Q: What is African-centered education?

A: Advocates describe it is an academic and character-building program guided by African and African-American cultural and intellectual traditions. Students who otherwise might think the culture is inferior are immersed in it and presented with role models. They don’t have to overcome anything, but can expect to excel as who they are.

Q: What about critics who say African-centered education can distort history?

A: Advocates say the program looks at all history — the same history — from an African center rather than a European center. For instance, African-American history doesn’t begin with the European slave traders, but explores African achievements and traditions alongside other cultures before and after slavery.

Q: Does the curriculum compromise the state’s academic standards?

A: African-centered education expects to meet and exceed the same state standards in math, language and science and prepare students for college, district ACE leaders say. The program uses the district’s core curriculum. One ACE school, J.S. Chick Elementary, has been one of the district’s top-performing schools on the Missouri Assessment Program tests.

Q: Could the program cultivate hostility toward the white population?

A: Advocates say the African-centered program values diversity and is grounded in the belief that different cultures can and should thrive together. The program wants all students to be comfortable embracing who they are, to embrace others as they are and to be open to all cultures.

Q: Is it exclusively for African-American children?

A: No, although virtually all the children at the district’s three ACE schools are African-American.

Program leaders think African-centered education would be enriching for any student, the same as other themed immersion programs, such as a foreign language academy or an Asian studies school.

In an ACE classroom

Teachers try to use African-American themes to enhance the same curriculum standards required of all district schools. Here are samples of fourth — and fifth-grade lesson plans from December for J.S. Chick Elementary School students.

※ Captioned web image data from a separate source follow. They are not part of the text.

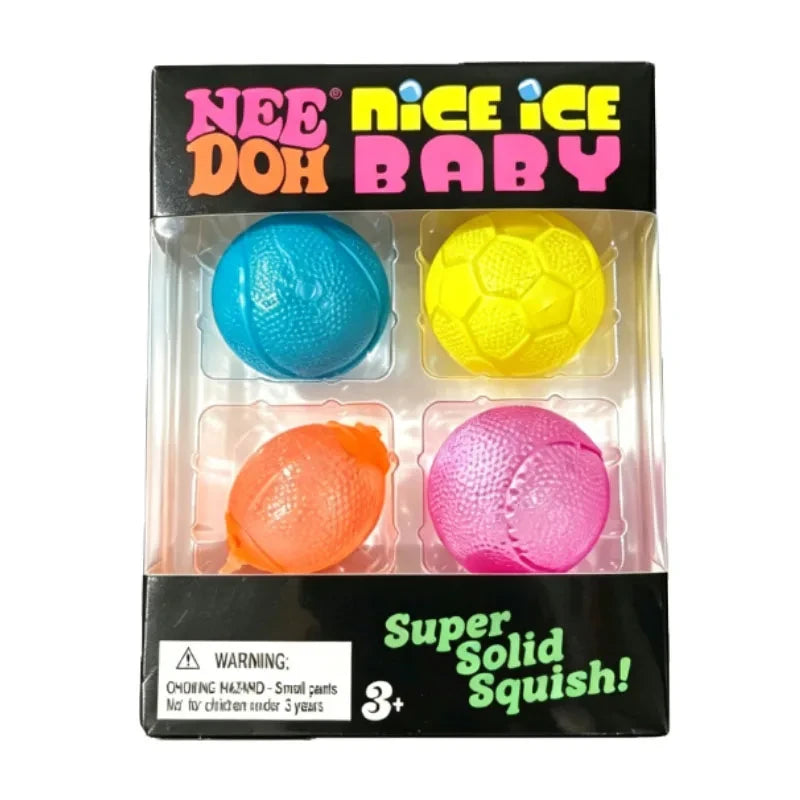 NeeDoh Nice Ice Baby / Teenie Cool Cats Squishy Cube Fidget Toy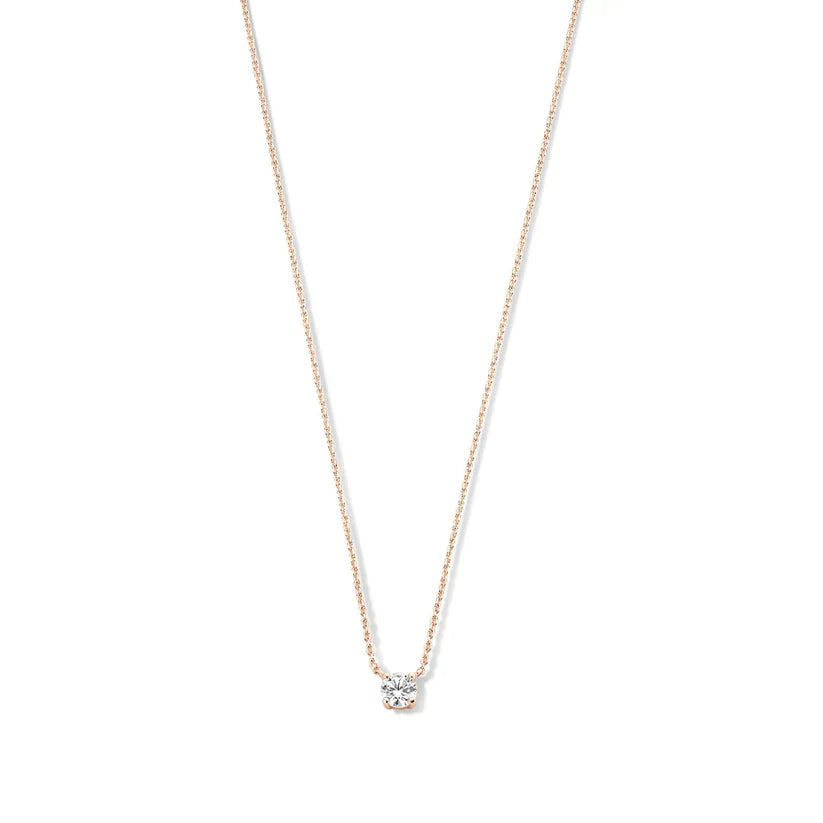 Cléa Gold Moissanite Stone Necklace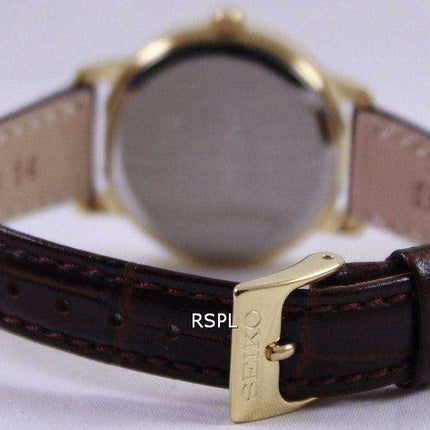 Cinturino in pelle al quarzo Seiko SUR822 SUR822P1 SUR822P - Orologio da donna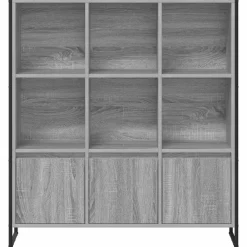 vidaXL Estanterías-Estantería para libros 2 pcs 99,5 x 30 x 108 cm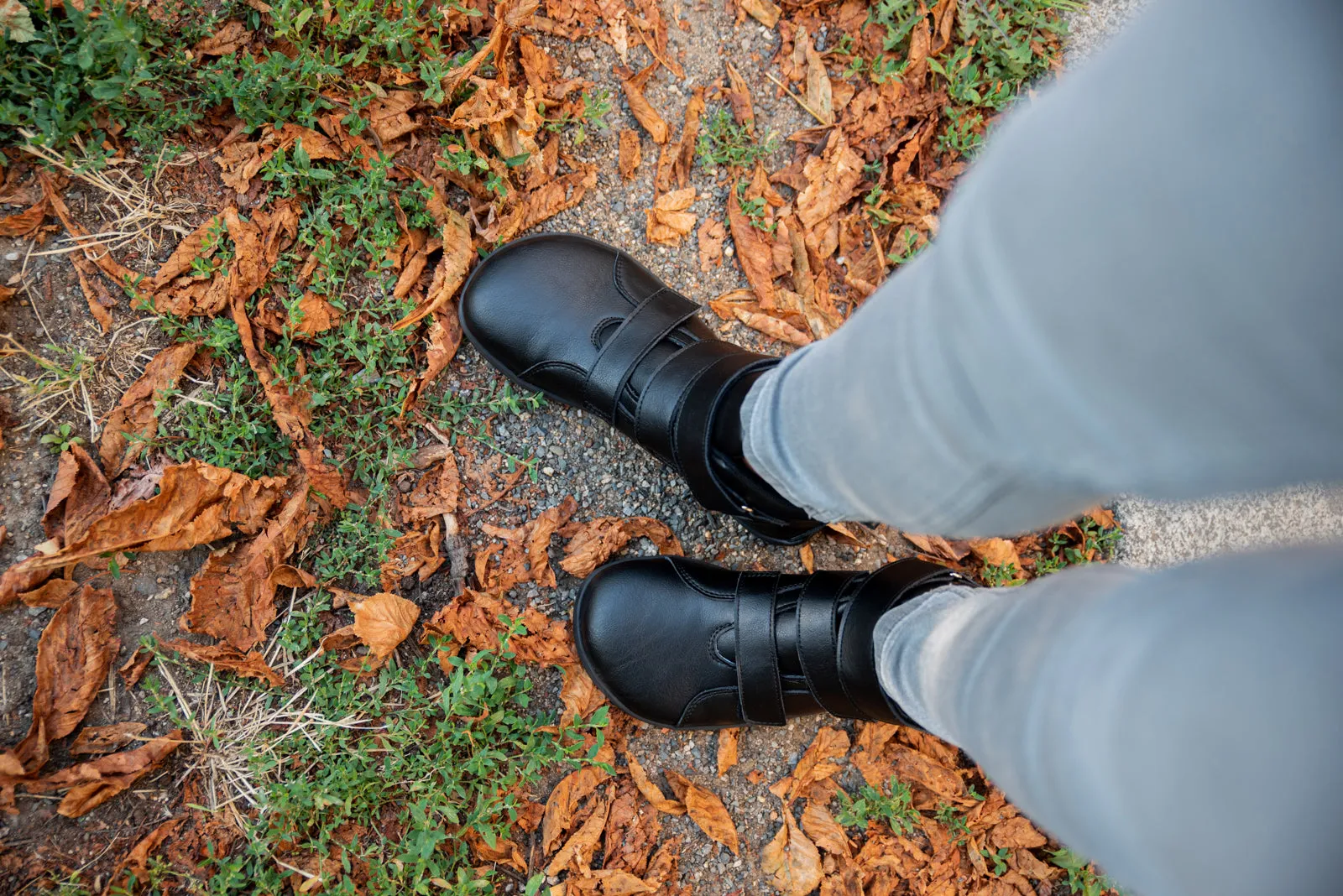 Men’s black barefoot shoes Quick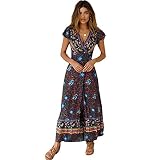 Algopix Similar Product 6 - Women Floral Sexy Backless Evening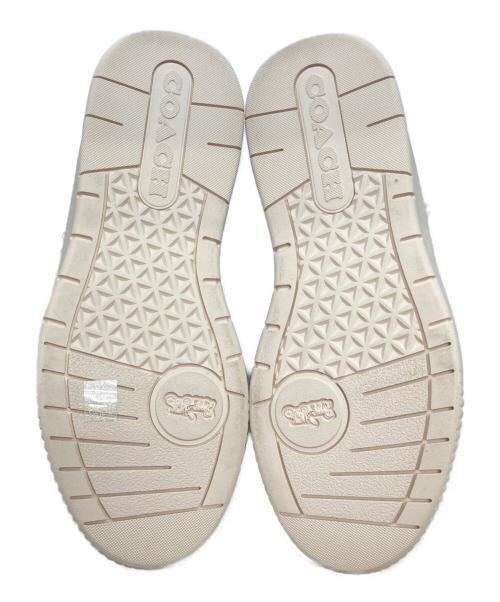 COACH（コーチ）COACH (コーチ) プラットフォーム スニーカー シルバー サイズ:24.5の古着・服飾アイテム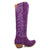 Dingo Womens Movin On Purple Suede Cowboy Boots
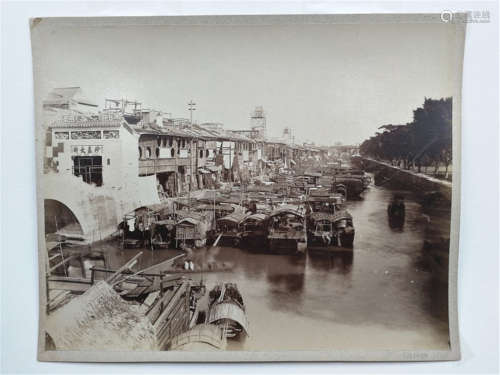19th C. Guangdong Photo Photographer William Saunders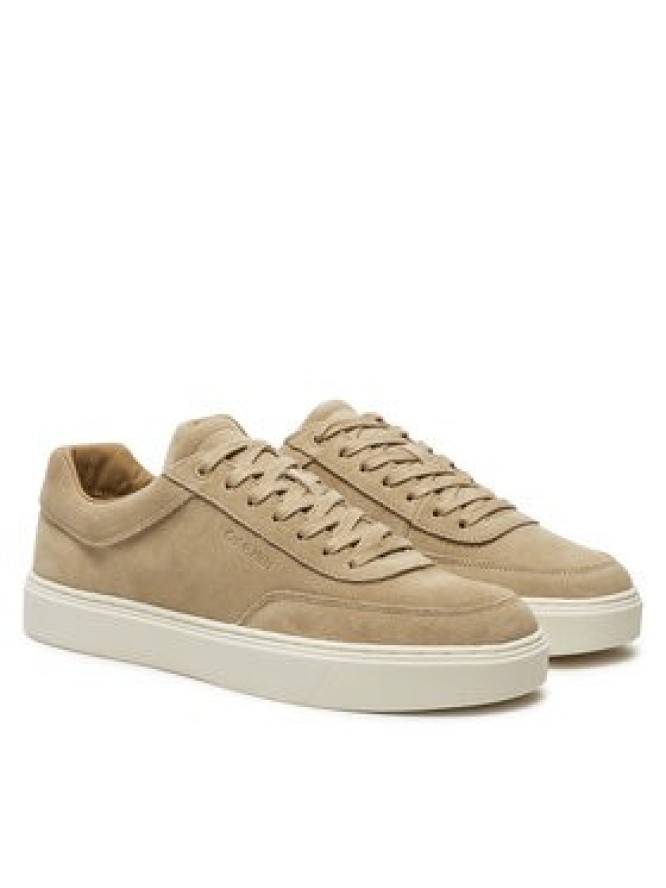 Calvin Klein Sneakersy Lace Up Suede HM0HM01792 Beżowy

—Assembly: Students gather for harambee, where they sing traditional African songs and recognize students for good citizenship, leadership and academic success by awarding either rosette beads or Kente’ cloths that are shoulder sashes.

—Communication arts: Write daily journal entries. Read the story “Almost Home,” an account of the Underground Railroad, and summarize it in their writer’s notebooks. Study weekly vocabulary with a partner.

—Reading workshop: Hold small group to read about Kwanzaa and discuss why it is a unique celebration. Write a summary paragraph. Hold round one of spelling bee. Work on placemats for parents in preparation for school Kwanzaa feast.

—Science: Investigate what happens to rubbed balloons, and make hypotheses. Discuss as a group. Continue research on African-American inventor.

—Geography: Practice kujichagulia, or self-determination, to use the Internet to find information about climate, water, land formations, people and characteristics of a country in Africa. Begin work on written reports. Discuss use of bibliography in research.